▸ What to work on: Copy the records below exactly, starting at the line that contains "File in trần" and ending at the line that contains "全皮简约优雅通勤冬季粗中跟方头棕色牛皮短靴女基础款切尔西靴子"; leave out any pictures.

▸ Supplied records:
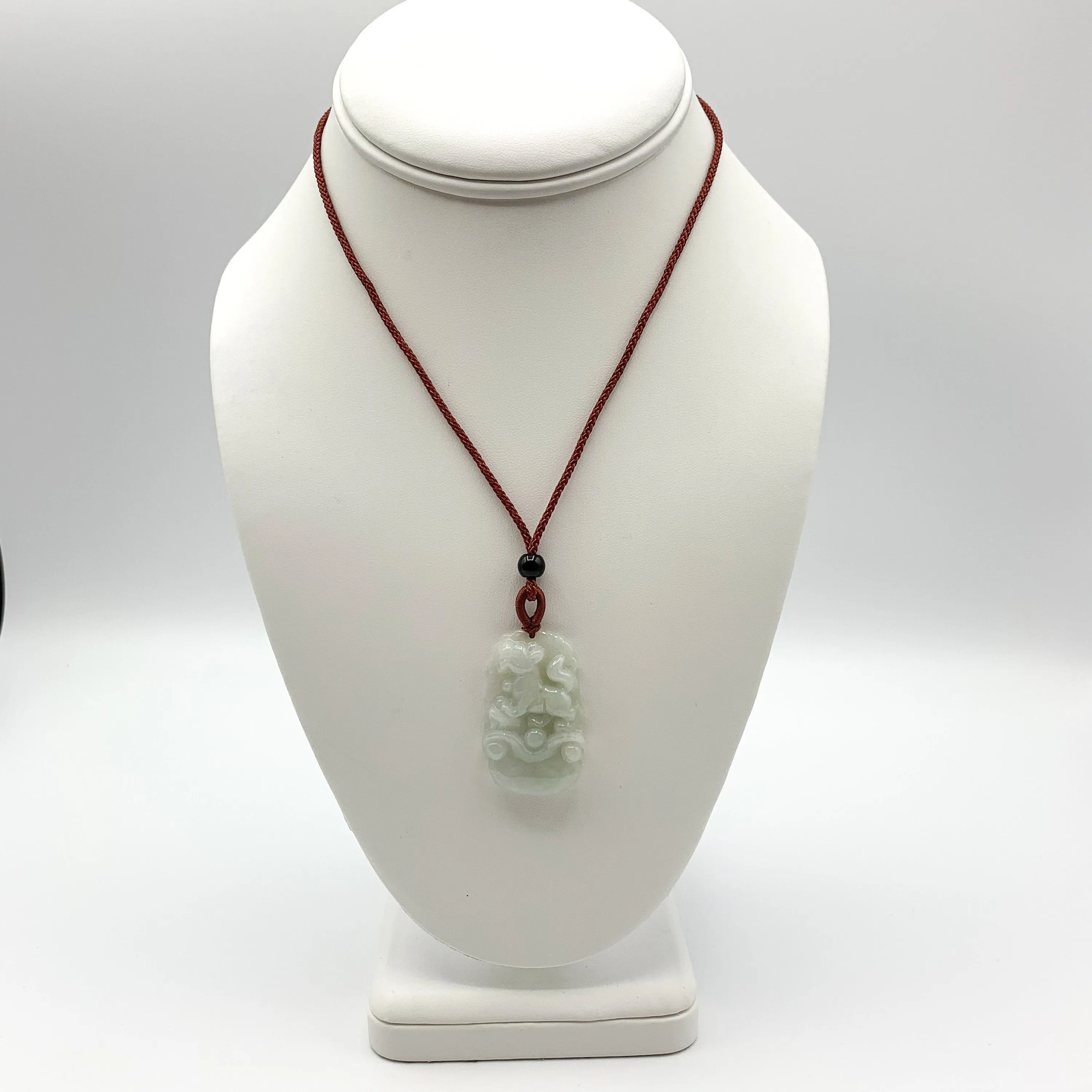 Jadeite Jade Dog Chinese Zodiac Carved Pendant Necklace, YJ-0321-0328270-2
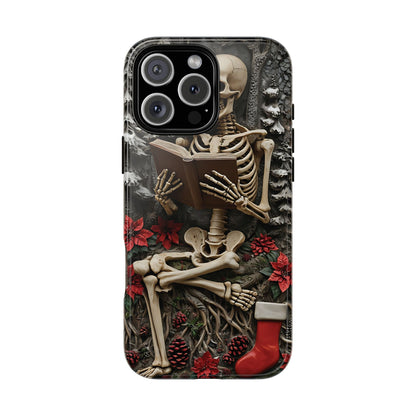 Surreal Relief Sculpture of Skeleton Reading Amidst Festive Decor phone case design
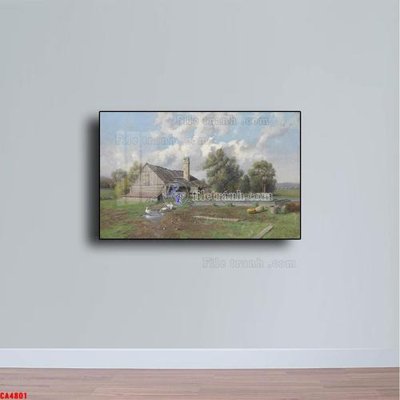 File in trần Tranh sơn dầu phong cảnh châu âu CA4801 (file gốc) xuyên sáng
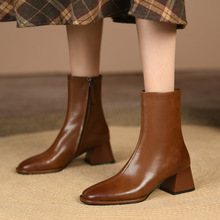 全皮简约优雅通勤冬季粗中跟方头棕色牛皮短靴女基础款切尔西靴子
* * *
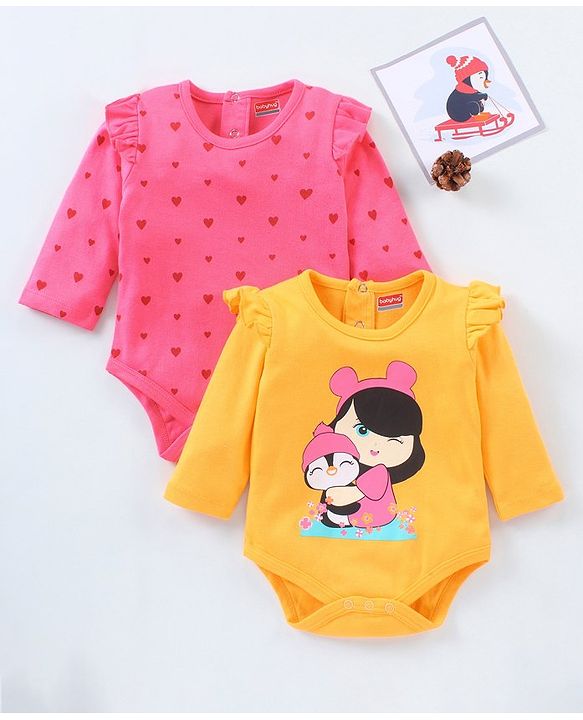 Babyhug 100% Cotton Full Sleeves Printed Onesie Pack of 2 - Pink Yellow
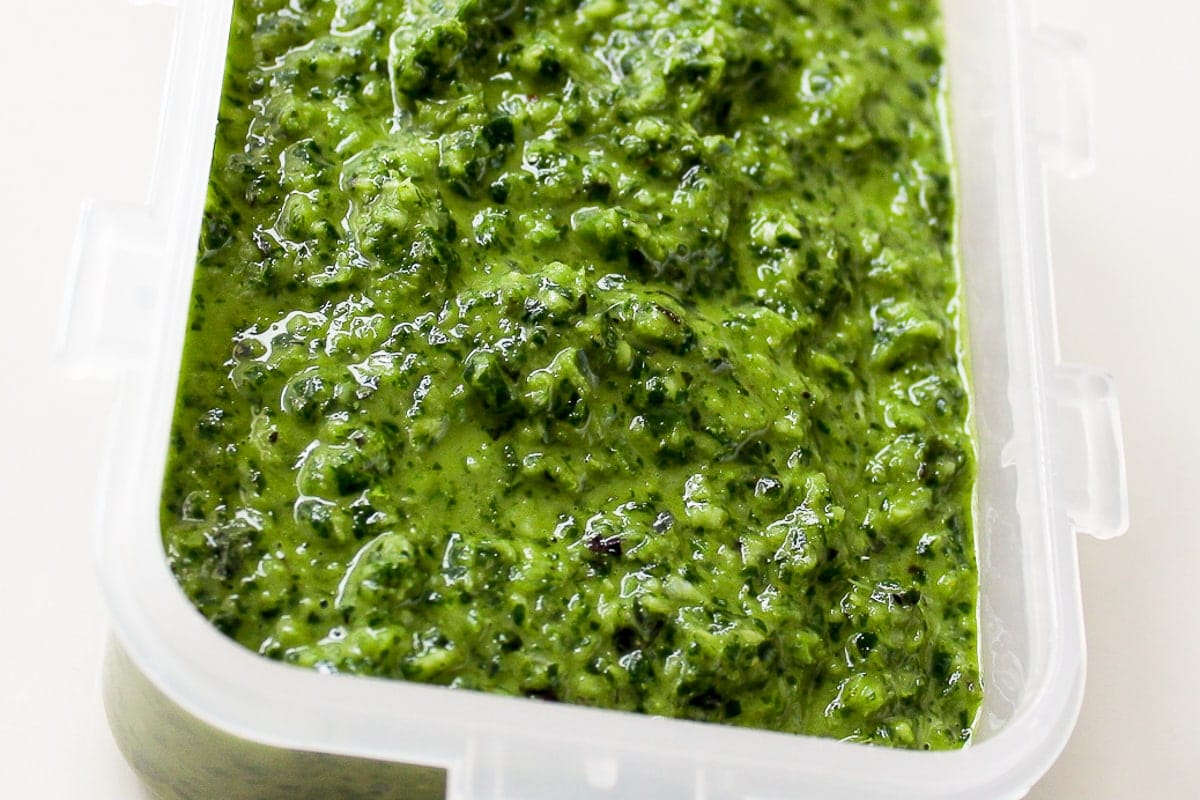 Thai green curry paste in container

▸ Response to this task:
 File in trần Tranh sơn dầu phong cảnh châu âu CA4801 (file gốc) xuyên sáng
 全皮简约优雅通勤冬季粗中跟方头棕色牛皮短靴女基础款切尔西靴子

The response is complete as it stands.